* _Collected data_:
----------------------------------------
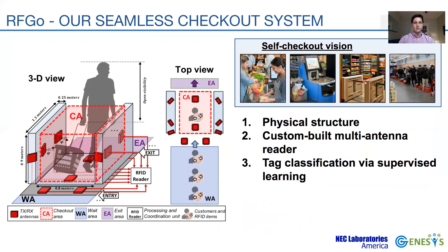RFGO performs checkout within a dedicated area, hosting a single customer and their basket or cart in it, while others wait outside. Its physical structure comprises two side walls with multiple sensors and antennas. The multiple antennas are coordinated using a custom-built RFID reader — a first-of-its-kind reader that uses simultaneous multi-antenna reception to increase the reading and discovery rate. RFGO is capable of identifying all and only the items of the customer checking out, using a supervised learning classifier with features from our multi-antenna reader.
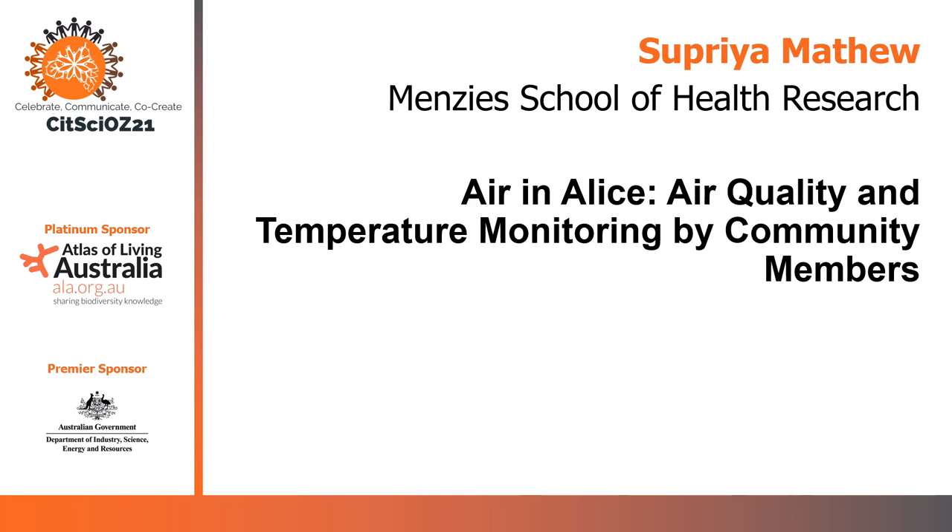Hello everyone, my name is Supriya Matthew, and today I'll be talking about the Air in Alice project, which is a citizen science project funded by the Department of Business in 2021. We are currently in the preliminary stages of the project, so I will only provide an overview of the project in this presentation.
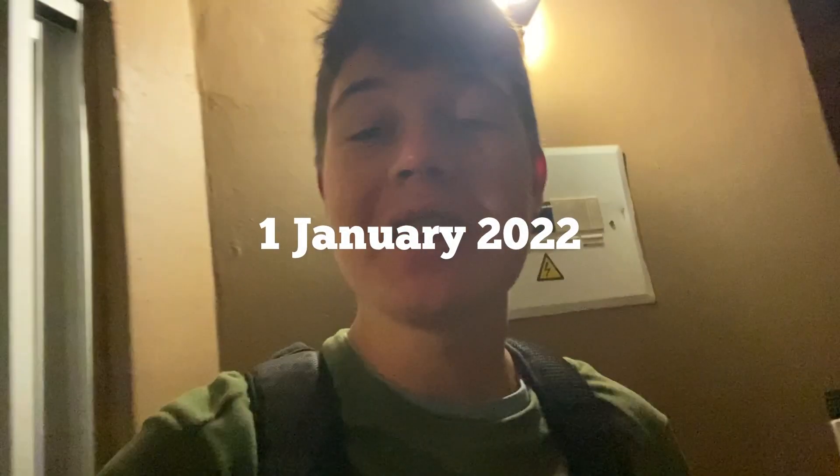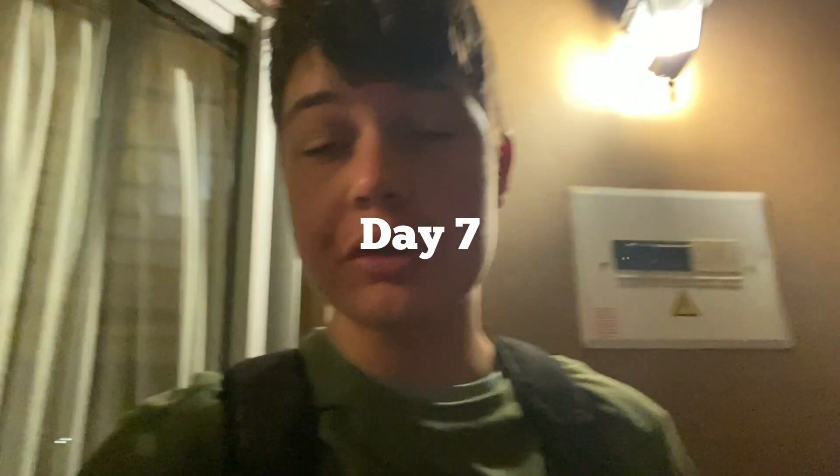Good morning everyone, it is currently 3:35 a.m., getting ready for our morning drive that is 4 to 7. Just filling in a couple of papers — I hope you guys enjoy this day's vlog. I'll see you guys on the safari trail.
----------------------------------------
* _Your task_: Without any pictures, write out the lines running from the one containing "Hello everyone, my" through the end of the listing above, both included, exactly as given.

* _Exercise result_:
Hello everyone, my name is Supriya Matthew, and today I'll be talking about the Air in Alice project, which is a citizen science project funded by the Department of Business in 2021. We are currently in the preliminary stages of the project, so I will only provide an overview of the project in this presentation.
Good morning everyone, it is currently 3:35 a.m., getting ready for our morning drive that is 4 to 7. Just filling in a couple of papers — I hope you guys enjoy this day's vlog. I'll see you guys on the safari trail.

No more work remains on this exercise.